Следом на столе материализовался пышный каравай размером с колесо от трактора.
Дуся приговаривала и продолжала с видом фокусника-энтузиаста, который извлекает из цилиндра одного за другим целое стадо кроликов, выуживать из своей безразмерной сумки всё новые и новые продукты.
Наконец, оглядев заставленный в два ряда стол, она удовлетворённо вздохнула:
– Ну вот и ладненько. Еды у тебя есть маленько, до понедельника продержишься. А в понедельник я приду и принесу расстегаев с рыбой. И котлеток тебе пожарю. И картошки потушу, – она на секунду задумалась и покачала головой, – нет, тушенная картошка – это несерьёзно, я лучше картошку с мясом в горшочках запеку.
– Зачем столько? – пробормотал я, но Дуся услышала и крепко рассердилась:
– Ты, Муля, на себя погляди, исхудал весь. Куда это годится? Какая девка за тебя замуж пойдёт, подумай своей лысой башкой? Мужик справным должен быть! Чем справнее мужик, тем оно лучше. И он добрее будет и на его фоне любая девка дюймовочкой выглядит. Всяко выгодно получается. Так что и не возмущайся даже, а садись и ешь давай. А то получишь у меня!
Я не возмущался. Я понимал, что это примерно то же самое, если бы муравей возмутился на Всемирный Потоп. Кроме того, Дуся была умная, как Шопенгауэр, поэтому спорить с ней изначально было бесполезно. Вряд ли в мире найдётся хоть один человек, который вот так запросто переспорил бы самого Шопенгауэра.

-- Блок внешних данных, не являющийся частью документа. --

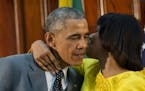 Jamaican Prime Minister Portia Simpson-Miller hugs President Barack Obama following the conclusion of their bilateral meeting at the Jamaica House, Th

Поэтому я просто смиренно кивнул и сказал «ага».
– Ой, чуть не забыла, – хлопнула себя по лбу Дуся, – тут же тебе Модест Фёдорович письмо передал. Так ты глянь и мне скажи, я ему передам.
Она вытащила из бездонных складок юбки сложенный вчетверо листик бумаги из ученической тетрадки в косую линию:
– Вот! – и протянула мне.
Я развернул. Записка гласила:
«Дорогой Муля! Приходи сегодня на ужин. Дуся обещала фаршированную утку с солёными груздями сделать и пополамный расстегай из стерляди. А ещё придёт Машенька, так что ужин у нас будет по-семейному. Подпись – твой отец».
– Что передать? – спросила Дуся и по её виду было понятно, что ответ мой они уже наперёд с отцом знают, а остальное это всё только из приличия соблюдается.
– Скажи, что я не знаю, – неопределённо ответил я, – если успею – то буду. А не успею, то пусть без меня ужинают.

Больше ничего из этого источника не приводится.